Apa dan bagaimana sebenarnya pengertian
komunikasi (dalam) organisasi itu? Komunikasi organisasi adalah pengiriman dan
penerimaan berbagai pesan organisasi di dalam kelompok formal maupun informal
dari suatu organisasi (Wiryanto, 2005). Komunikasi formal adalah komunikasi
yang disetujui oleh organisasi itu sendiri dan sifatnya berorientasi pada kepentingan
organisasi. Isinya berupa cara kerja di dalam organisasi, produktivitas, dan
berbagai pekerjaan yang harus dilakukan dalam organisasi tersebut. Misalnya
memo, kebijakan, pernyataan, jumpa pers, dan surat-surat resmi. Adapun
komunikasi informal adalah komunikasi yang disetujui secara sosial.

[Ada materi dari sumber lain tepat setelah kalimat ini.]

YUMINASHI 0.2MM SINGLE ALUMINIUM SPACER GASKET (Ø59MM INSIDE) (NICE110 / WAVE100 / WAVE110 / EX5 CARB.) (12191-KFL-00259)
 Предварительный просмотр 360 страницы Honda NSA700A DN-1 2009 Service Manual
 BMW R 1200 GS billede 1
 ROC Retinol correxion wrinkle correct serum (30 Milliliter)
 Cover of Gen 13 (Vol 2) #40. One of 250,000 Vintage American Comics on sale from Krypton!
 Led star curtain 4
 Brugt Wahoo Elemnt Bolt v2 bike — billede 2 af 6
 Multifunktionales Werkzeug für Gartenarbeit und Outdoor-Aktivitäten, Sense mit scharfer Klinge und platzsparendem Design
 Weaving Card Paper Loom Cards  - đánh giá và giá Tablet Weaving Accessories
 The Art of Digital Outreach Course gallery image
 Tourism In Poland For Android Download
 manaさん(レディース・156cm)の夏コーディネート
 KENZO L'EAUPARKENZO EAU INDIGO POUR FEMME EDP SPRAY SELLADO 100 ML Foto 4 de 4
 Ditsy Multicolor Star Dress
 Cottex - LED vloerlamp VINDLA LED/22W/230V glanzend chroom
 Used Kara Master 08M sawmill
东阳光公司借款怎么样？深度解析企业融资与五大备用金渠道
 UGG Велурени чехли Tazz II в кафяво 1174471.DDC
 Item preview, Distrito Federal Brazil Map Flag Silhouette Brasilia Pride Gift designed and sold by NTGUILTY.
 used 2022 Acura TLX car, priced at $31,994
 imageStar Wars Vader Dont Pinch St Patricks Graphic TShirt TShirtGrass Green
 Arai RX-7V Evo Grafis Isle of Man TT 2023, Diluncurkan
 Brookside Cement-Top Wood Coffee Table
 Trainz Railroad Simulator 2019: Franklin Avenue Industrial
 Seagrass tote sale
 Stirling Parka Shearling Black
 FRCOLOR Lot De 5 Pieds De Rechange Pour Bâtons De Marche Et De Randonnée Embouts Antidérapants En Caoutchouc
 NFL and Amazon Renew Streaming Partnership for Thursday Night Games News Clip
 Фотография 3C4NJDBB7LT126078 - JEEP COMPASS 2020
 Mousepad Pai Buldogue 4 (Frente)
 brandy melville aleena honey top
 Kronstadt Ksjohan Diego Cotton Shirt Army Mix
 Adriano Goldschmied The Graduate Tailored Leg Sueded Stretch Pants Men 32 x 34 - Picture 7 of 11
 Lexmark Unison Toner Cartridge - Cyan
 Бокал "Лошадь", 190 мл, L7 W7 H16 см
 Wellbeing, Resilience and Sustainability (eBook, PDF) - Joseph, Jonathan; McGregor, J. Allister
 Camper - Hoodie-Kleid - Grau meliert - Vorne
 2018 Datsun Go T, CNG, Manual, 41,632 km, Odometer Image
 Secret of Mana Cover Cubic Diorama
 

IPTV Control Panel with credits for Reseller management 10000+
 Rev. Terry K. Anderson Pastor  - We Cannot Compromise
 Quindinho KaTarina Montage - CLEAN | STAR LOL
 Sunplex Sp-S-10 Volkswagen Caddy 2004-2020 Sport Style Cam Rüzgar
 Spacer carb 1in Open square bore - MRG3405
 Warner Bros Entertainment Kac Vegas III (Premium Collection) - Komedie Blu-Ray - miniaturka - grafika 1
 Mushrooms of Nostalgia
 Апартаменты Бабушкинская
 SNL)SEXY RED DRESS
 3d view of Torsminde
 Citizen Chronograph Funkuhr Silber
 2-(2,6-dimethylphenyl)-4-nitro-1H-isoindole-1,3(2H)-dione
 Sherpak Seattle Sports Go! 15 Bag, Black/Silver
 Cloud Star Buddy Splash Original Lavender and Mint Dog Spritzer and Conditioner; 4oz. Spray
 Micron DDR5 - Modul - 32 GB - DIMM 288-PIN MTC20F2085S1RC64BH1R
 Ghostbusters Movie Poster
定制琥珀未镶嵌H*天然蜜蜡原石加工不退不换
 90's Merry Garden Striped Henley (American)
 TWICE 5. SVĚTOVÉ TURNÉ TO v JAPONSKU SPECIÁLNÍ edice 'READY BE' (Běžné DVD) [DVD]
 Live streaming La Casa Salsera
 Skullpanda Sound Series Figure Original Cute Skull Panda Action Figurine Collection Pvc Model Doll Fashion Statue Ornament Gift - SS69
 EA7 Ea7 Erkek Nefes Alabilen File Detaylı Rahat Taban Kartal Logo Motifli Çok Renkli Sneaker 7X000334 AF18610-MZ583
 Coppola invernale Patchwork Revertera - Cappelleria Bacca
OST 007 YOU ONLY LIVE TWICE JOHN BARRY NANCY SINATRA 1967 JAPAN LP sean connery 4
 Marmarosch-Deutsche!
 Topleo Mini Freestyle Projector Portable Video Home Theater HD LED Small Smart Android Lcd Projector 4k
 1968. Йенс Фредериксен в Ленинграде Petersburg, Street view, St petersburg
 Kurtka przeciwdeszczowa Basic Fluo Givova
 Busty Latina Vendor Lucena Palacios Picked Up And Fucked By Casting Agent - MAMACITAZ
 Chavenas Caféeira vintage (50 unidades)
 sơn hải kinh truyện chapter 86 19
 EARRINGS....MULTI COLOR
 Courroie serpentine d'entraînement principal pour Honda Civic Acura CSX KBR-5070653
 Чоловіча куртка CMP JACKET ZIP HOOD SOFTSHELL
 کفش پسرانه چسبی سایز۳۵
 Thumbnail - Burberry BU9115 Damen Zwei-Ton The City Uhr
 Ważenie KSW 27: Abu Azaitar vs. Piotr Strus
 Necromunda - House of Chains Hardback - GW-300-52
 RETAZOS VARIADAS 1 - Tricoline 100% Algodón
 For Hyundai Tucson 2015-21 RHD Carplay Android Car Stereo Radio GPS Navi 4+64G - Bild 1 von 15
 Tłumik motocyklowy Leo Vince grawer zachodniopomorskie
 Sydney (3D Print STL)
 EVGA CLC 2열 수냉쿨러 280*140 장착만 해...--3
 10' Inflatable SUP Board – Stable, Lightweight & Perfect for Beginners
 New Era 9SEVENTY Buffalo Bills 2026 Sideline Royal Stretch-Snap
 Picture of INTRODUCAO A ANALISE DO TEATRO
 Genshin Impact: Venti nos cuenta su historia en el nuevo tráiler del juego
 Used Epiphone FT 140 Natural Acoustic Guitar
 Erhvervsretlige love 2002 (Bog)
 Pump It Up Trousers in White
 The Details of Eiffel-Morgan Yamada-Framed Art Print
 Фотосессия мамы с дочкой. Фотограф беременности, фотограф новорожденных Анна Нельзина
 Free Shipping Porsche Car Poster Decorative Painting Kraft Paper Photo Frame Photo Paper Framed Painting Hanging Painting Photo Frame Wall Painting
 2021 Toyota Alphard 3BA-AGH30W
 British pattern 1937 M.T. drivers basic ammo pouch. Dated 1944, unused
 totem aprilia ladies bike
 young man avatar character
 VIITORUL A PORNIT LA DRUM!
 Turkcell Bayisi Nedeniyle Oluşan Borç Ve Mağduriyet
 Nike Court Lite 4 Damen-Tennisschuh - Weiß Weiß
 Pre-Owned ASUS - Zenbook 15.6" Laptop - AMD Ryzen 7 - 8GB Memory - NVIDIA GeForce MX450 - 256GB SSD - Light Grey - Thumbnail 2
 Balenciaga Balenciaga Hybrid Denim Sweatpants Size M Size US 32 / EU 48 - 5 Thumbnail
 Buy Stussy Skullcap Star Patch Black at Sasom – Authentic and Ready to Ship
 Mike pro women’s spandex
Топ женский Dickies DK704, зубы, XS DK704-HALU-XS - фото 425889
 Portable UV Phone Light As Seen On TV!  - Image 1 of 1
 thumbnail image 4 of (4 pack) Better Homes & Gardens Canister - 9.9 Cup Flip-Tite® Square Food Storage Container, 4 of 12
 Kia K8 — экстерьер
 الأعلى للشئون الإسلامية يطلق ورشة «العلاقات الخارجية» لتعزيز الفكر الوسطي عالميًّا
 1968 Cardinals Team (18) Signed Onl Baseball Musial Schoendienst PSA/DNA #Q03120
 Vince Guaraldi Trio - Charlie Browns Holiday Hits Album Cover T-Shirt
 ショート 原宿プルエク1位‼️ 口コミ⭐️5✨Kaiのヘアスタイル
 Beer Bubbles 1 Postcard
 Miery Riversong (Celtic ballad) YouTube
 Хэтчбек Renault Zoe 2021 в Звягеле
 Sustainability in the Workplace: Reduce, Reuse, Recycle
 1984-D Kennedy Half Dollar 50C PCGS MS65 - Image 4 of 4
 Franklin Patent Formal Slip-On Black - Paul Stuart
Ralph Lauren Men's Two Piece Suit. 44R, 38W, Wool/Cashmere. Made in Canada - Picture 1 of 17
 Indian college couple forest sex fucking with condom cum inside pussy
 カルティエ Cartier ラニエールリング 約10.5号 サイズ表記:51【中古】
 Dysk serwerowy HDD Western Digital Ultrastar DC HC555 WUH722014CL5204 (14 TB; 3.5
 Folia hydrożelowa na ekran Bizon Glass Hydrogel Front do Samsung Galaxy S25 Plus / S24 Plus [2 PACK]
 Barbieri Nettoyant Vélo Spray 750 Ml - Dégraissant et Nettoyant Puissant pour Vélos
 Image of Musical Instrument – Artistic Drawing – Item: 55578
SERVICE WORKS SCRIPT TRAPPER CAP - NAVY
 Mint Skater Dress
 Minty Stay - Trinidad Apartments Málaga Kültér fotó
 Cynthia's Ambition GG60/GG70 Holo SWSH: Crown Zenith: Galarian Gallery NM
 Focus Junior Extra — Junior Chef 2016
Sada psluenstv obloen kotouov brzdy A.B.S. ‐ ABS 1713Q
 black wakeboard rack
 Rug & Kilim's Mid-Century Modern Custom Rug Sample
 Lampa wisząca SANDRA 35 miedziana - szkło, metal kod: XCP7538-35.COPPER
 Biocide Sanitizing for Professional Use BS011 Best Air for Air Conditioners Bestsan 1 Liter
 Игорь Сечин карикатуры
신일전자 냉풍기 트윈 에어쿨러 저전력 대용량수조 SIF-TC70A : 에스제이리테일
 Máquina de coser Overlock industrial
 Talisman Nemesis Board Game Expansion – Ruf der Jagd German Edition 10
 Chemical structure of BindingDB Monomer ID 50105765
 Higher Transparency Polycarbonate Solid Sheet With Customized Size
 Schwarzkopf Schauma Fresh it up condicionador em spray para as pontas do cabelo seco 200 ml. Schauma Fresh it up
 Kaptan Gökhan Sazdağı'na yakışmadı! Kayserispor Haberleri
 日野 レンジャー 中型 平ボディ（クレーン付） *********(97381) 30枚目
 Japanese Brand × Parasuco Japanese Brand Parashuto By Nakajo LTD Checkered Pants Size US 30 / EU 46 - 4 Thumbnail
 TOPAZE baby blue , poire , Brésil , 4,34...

Orientasinya bukan pada organisasi, tapi lebih kepada anggotanya secara individual.
Di dalam kehidupannya sehari-hari,
manusia harus berkomunikasi. Artinya, manusia senantiasa memerlukan orang lain
dan membutuhkan kelompok atau masyarakat untuk saling berinteraksi. Hal ini
merupakan suatu hakekat bahwa sebagian besar pribadi manusia terbentuk dari
hasil integrasi sosial dengan sesama dalam kelompok dan masyarakat.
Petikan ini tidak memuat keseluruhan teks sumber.